● **AIM OF THE EXERCISE**
Retype the data exactly. Spelling and punctuation stay as they are.

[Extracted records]
- Opening Delimiter -

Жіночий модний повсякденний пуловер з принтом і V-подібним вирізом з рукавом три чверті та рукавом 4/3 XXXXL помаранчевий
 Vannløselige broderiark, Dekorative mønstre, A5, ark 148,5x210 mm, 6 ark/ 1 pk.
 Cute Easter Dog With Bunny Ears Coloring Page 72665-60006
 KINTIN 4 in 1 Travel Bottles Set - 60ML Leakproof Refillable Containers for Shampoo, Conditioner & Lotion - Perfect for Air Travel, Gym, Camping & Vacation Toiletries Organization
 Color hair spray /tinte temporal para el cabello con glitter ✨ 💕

- Closing Delimiter -

● **TASK ANSWER**
Жіночий модний повсякденний пуловер з принтом і V-подібним вирізом з рукавом три чверті та рукавом 4/3 XXXXL помаранчевий
 Vannløselige broderiark, Dekorative mønstre, A5, ark 148,5x210 mm, 6 ark/ 1 pk.
 Cute Easter Dog With Bunny Ears Coloring Page 72665-60006
 KINTIN 4 in 1 Travel Bottles Set - 60ML Leakproof Refillable Containers for Shampoo, Conditioner & Lotion - Perfect for Air Travel, Gym, Camping & Vacation Toiletries Organization
 Color hair spray /tinte temporal para el cabello con glitter ✨ 💕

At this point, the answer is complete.